The infrastructure required to run Airflow can be put into two categories. First, the infrastructure needed to run Airflow’s core components such as its web-UI and scheduler. Second, the infrastructure that’s required to run Airflow workers, which execute workflows. In a typical Airflow cluster, Airflow workers’ resource consumption outweighs that of Airflow core components by far. Workers do the heavy lifting in an Airflow cluster. In contrast, the UI and scheduler are lightweight processes (by default, they are allocated 1.5 vCPUs and 1.5 GB memory combined). Whether your workflow is an ETL job, a media processing pipeline, or a machine learning workload, an Airflow worker runs it. If you run these workers on Spot instances, you can reduce the cost of running your Airflow cluster by up to 90%.
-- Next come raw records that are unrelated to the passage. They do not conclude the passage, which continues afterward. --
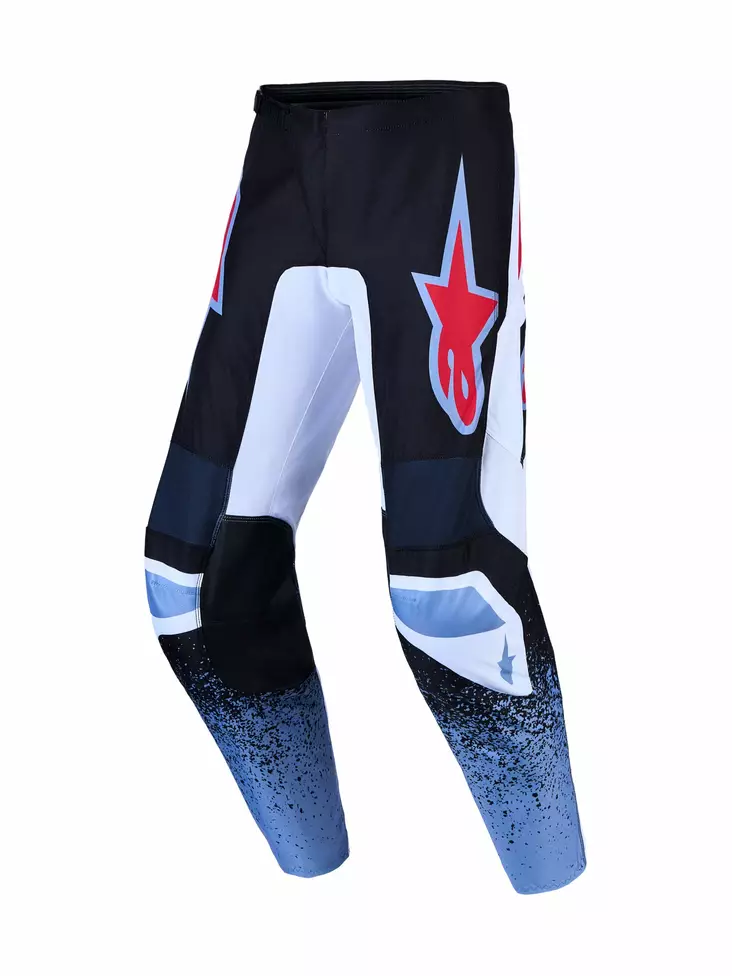 Alpinestars Byxor Fluid Drag Svart/Vit/B - Crossbyxor - D521488 - 1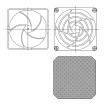 09325-F/60 Fan Accessories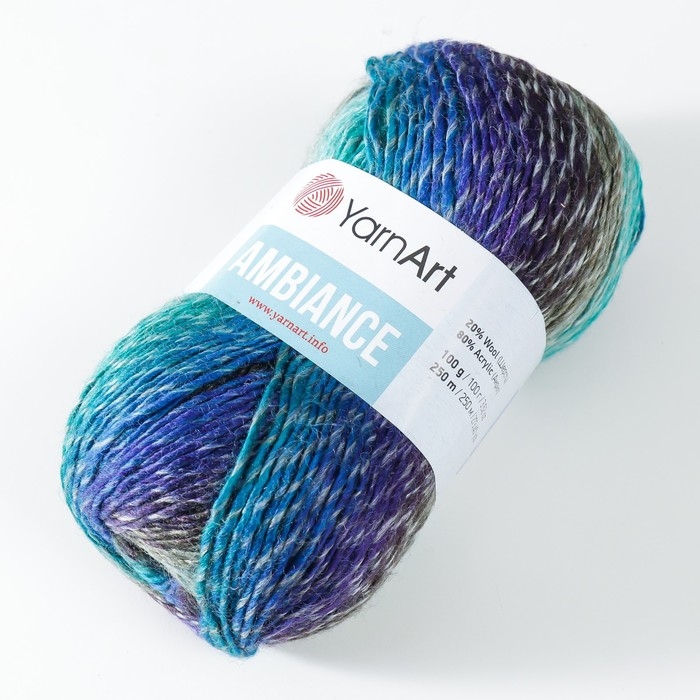 Пряжа Пряжа "Ambiance" 80% акрил, 20% шерсть 250м/100г (158)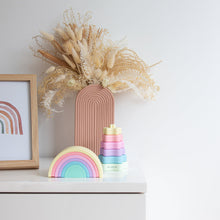Load image into Gallery viewer, Silicone Rainbow Stacker
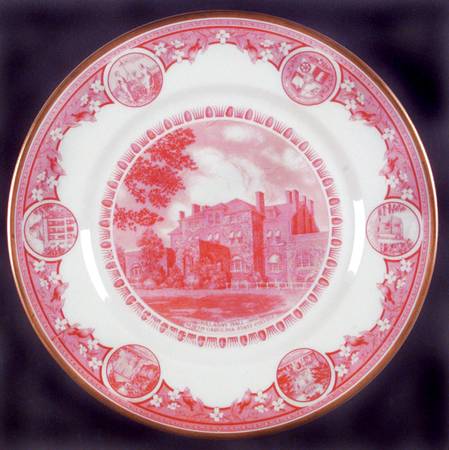 N C State Dinner Plate by Scammell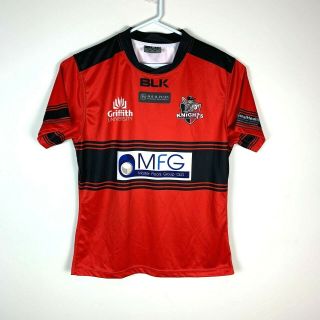 Griffith University Knights Blk Rugby Union Rare Jersey Size Men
Spot instances are spare EC2 capacity offered to you at a discounted price compared to On-Demand Instance prices. Spot helps you reduce your AWS bill with minimal changes to your infrastructure. What makes Spot instances different from On-Demand EC2 instances is that when EC2 needs capacity, it can reclaim capacity from Spot with a two minute notice. This may result in the termination of a Spot instance in your AWS account. That may sound daunting at first, but in fact, the average frequency of Spot-initiated interruption across all AWS Regions and instance types is less than 5%. In other words, there is a 5% chance that EC2 will reclaim your Spot instance before you intentionally terminate that instance.
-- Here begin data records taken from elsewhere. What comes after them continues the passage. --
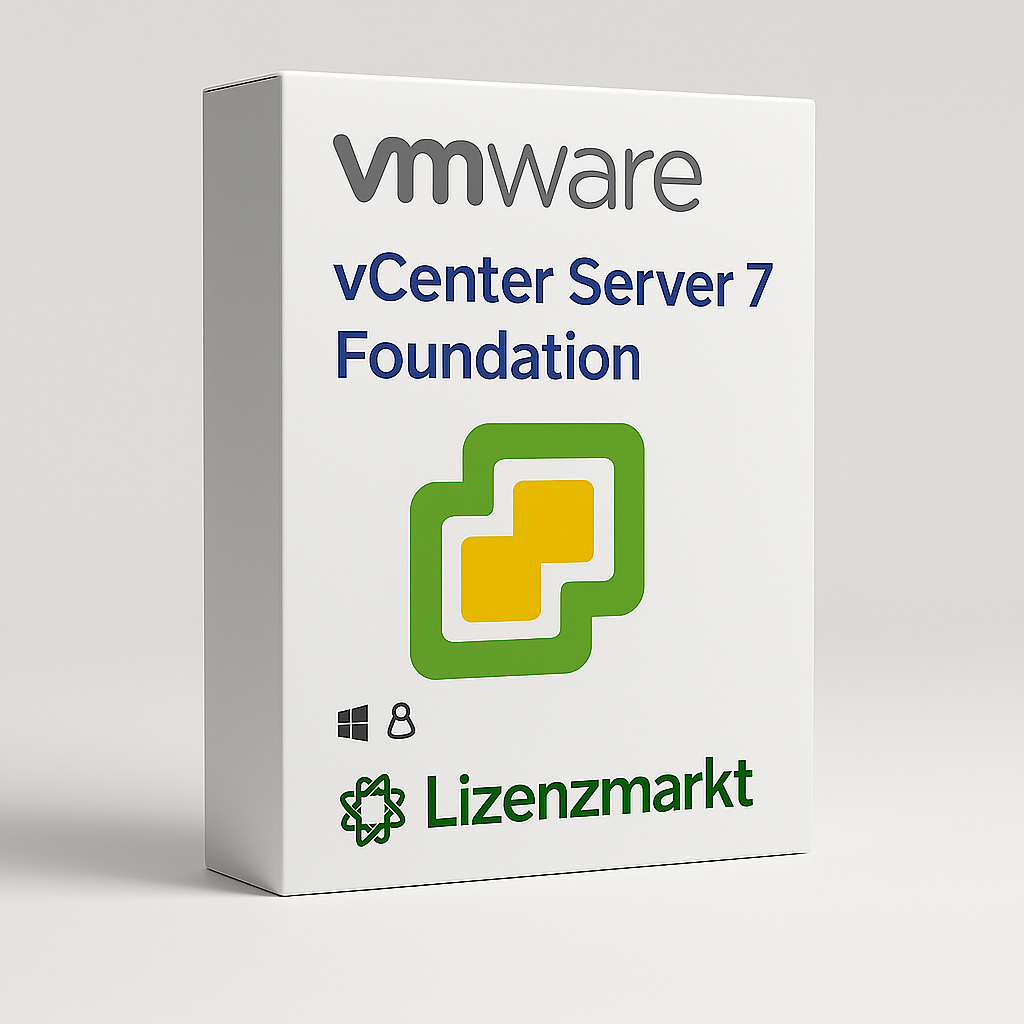 VMware vCenter Server 7 Foundation – Vollversion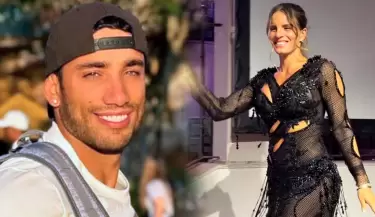 Said Palao dedica rom�ntico mensaje a Ale Baigorria durante viaje a Espa�a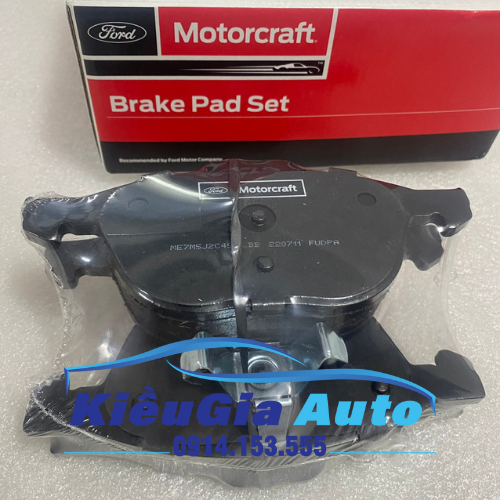 Má phanh trước ford focus 2005-2019 / mazda 3 2009-2013 chính hãng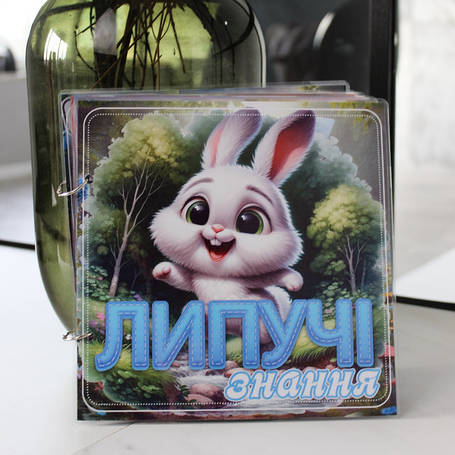 Книжки на липучках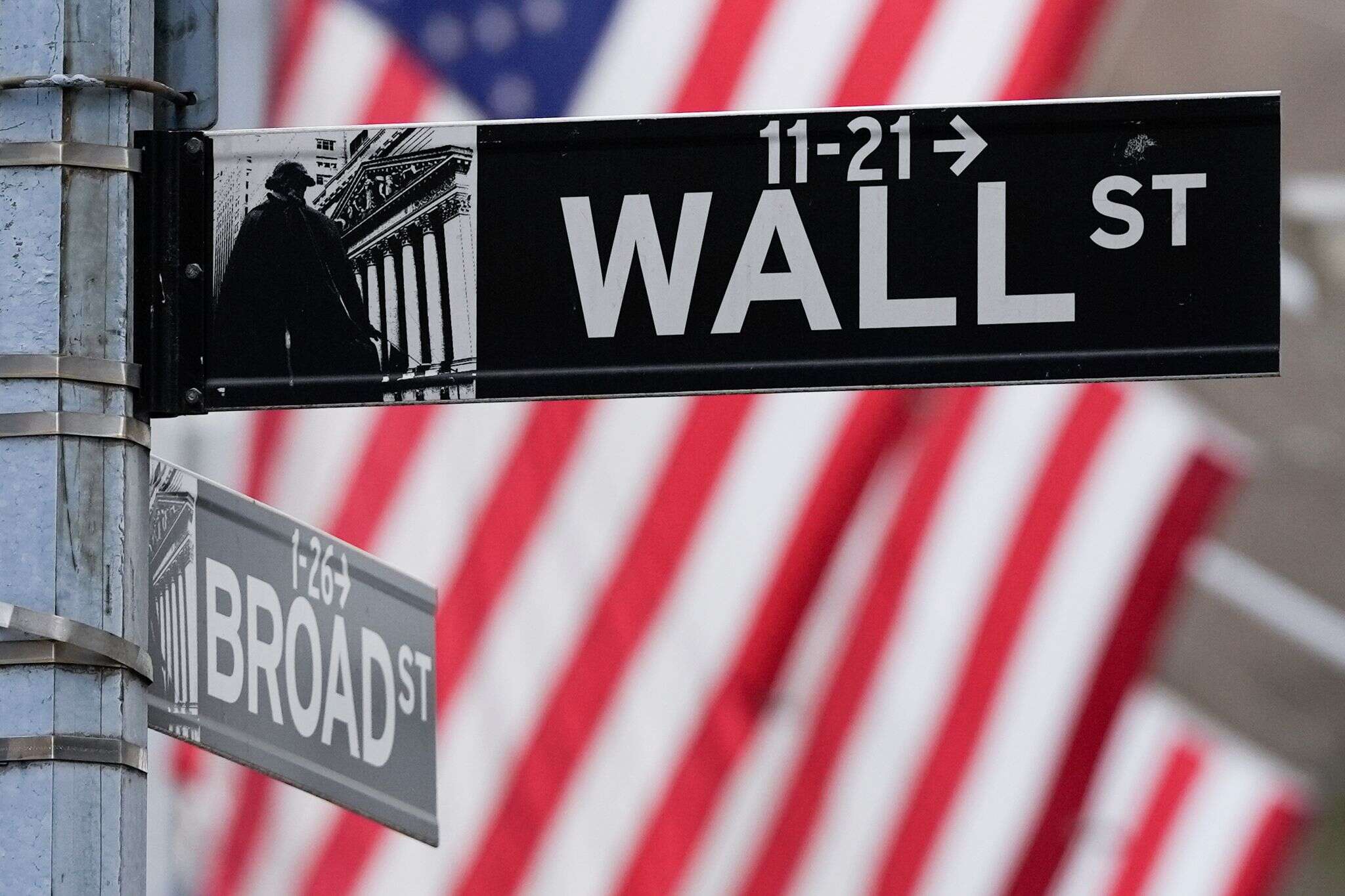 Wall Street tumbles 10% below its record for first 'correction' since 2023 on Trump's trade war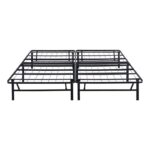 La mejor opción de marco de cama: marco de cama con plataforma de metal plegable de 14 pulgadas Olee Sleep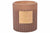 Scented Candle Relax and Unwind Brown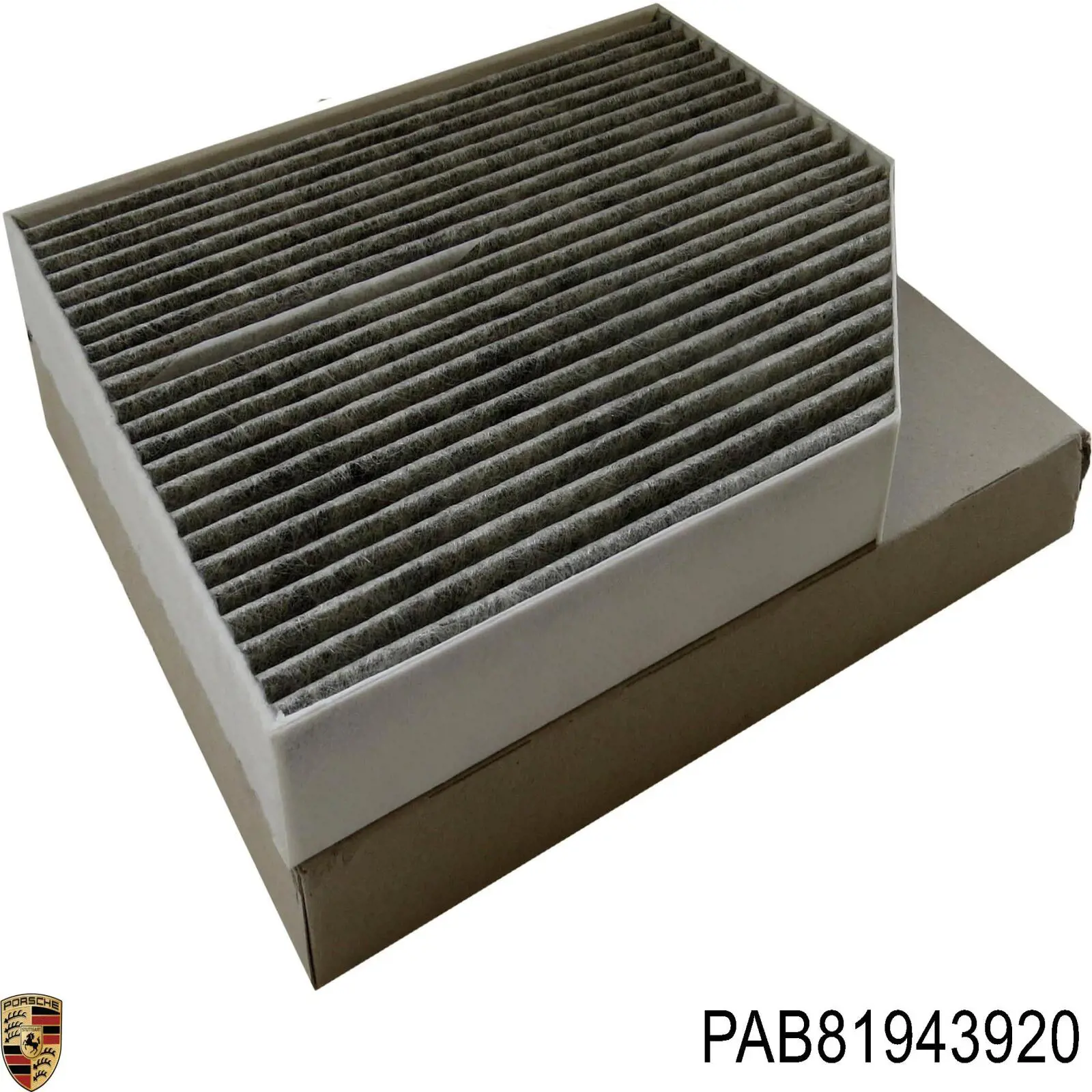 PAB81943920 Porsche filtro habitáculo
Given Airflow architecture, we advise against running your entire cluster on Spot. The core components like the web-UI are critical to users; suppose the web-UI runs on a Spot instance, and that instance gets interrupted, users may loose their access to the dashboard, until Kubernetes recreates the Pod. Using Kubernetes constructs and EKS data plane options, you can ensure that critical applications run on On-Demand instances, while workers run on the cheaper compute instances provided by Spot.

Amazon EKS data plane

An EKS cluster consists of two primary components: the EKS control plane and EKS nodes that are registered with the control plane. EKS gives you three data plane options:

  1. Amazon EKS on AWS Fargate: Running Amazon EKS on AWS Fargate gives you a fully managed data plane in which you are not responsible for creating and managing servers to run your pods. With Fargate, you pay for the compute resources you reserve for your pods.
  2. Managed node groups: If your workload requires EC2 instances, you can use EKS managed node groups that automate the provisioning and lifecycle of EC2-based nodes.
  3. Self-managed node groups: Self-managed node groups are similar to managed node groups, as in, both give you EC2 instances, but unlike managed node groups, you are responsible for the provisioning and management.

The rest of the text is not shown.